Frederick II Hohenstaufen - Legislator
20 April 2003

Norimberg, imperial mint, Frederick II (1215-1250), penny [rev]. Courtesy of the Fitzwilliam Museum
Frederick II penny, showing imperial eagle. He created Europe's first free trade zone and minted the first gold coins in the West for centuries
Throughout his life, Frederick was a brilliant legislator. His laws continue to influence the legal systems of Europe to this day.

In December 1220, Frederick created the Law of Privileges for Sicily. Although much of it related to establishing his own exclusive rights make land grants, it also set out laws that governed Sicily's trading relationship with the outside world. These trade laws were later to be expanded to cover all of Frederick's dominions, eliminating internal tarrifs to create what may be described as the first European Economic Community.

The Law of Privileges also created in 1224 Europe's first state-funded (as opposed to church-funded) educational institution, the University of Naples, where for the first time in 1240 Frederick passed a decree requiring that doctors should study anatomy by disection. Saracens, Muslims and Jews were deported to the city of Lucera which they were allowed to develop. It wasn't multiculturalism, but it wasn't genocide either.

Frederick's lawmaking was interrupted 1227-1228 while he went on the obligatory crusade, despite being excommunicate. But by signing a treaty with Abu Zakariya of Tunis which allowed him to proclaim himself King of Jerusalem, he showed that he could achieve political goals through negotiation rather than military force. A lesson that most European leaders learned only in the last decades of the twentieth century, and now seem to have taken to decadent extremes.

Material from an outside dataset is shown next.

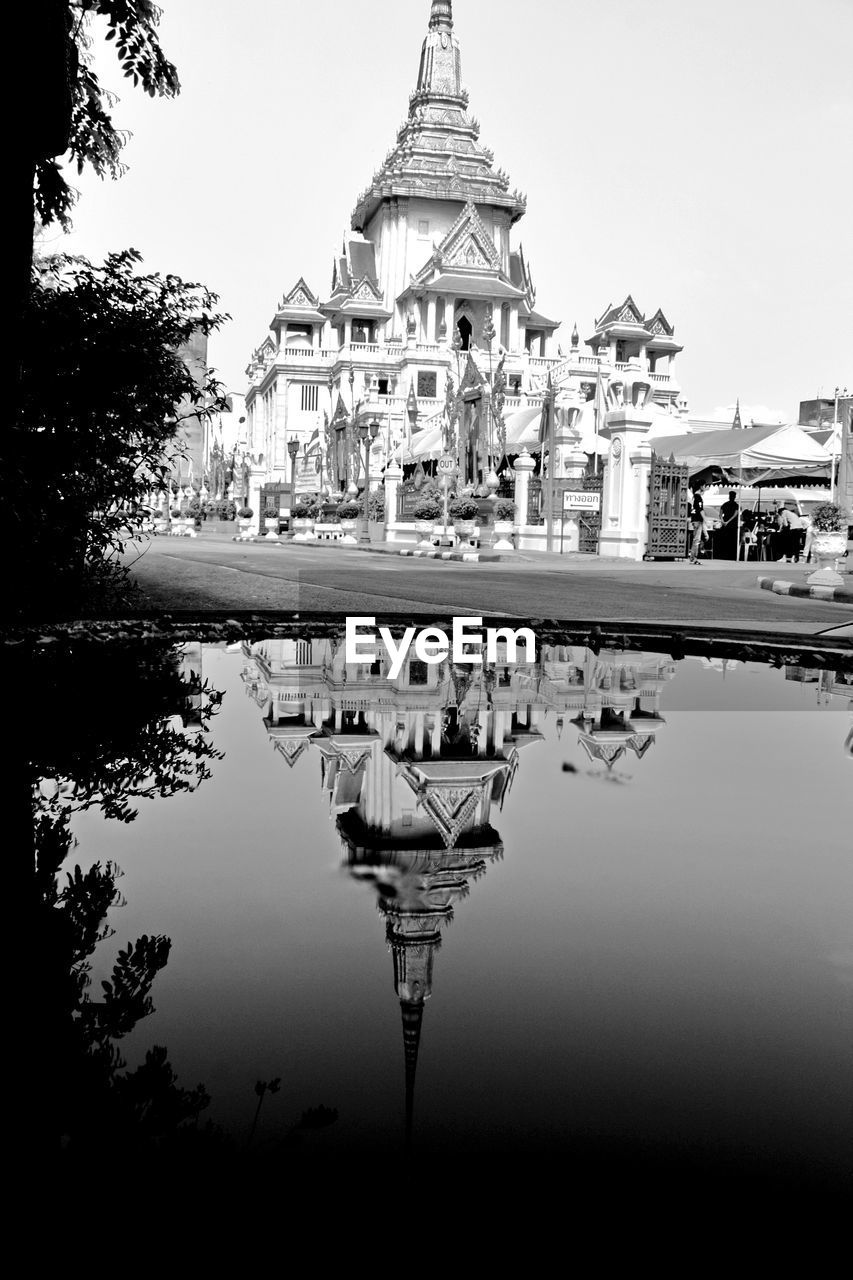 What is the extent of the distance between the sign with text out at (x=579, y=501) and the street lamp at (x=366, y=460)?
7511mm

On his return from the crusades, Frederick passed the Constitutions of Melfi. In these, he declared himself part of a "secular trinity" that included God, himself, and between them, Justice. Frederick held that serving Justice was a form of serving God, which allowed him to place the state above the church (and, not surprisingly, above individual rights). The Constitutions of Melfi abolished trial by combat, instead bringing in trial by prosecution (at the same time restricted the Church's land holdings, which must have annoyed them even more).

The Constitutions also declared that all secular officials be appointed by the Emperor, establishing the first great step towards democracy, providing justice independent of the church. He thus was the first to lay down laws governing absolute monarchy. Although absolute monarchies were finally swept away in Europe during the 18th and 19th centuries, it is interesting to note that the legal system and political philosophies in most continental European countries still rest on the State as the embodiment of all divine and natural law.